◆ Work to complete: All of the data should be copied exactly, with the pictures left out.

◆ Collected material:
·····

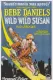 Wild, Wild Susan
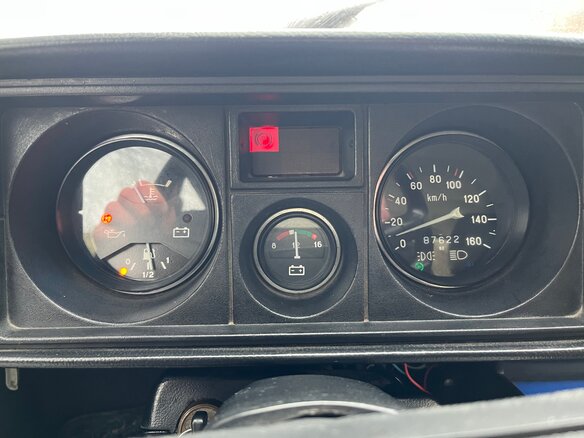 1997 Lada (ВАЗ) 2105, белый, 150000 рублей - вид 7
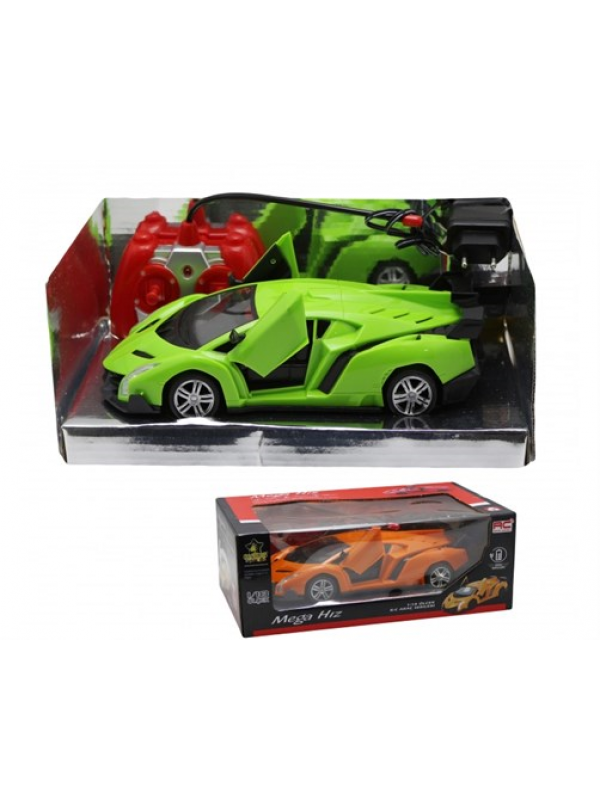 1383-9A ERDEM KUT. U/K LAMBORGHİNİ…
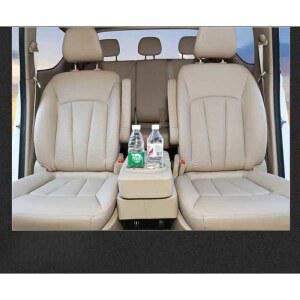 의자 더 올뉴 추가 호환 보조시트 열 보조의자 뉴 3열 시트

·····

◆ Problem solution:
 Wild, Wild Susan
 1997 Lada (ВАЗ) 2105, белый, 150000 рублей - вид 7
 1383-9A ERDEM KUT. U/K LAMBORGHİNİ…
 의자 더 올뉴 추가 호환 보조시트 열 보조의자 뉴 3열 시트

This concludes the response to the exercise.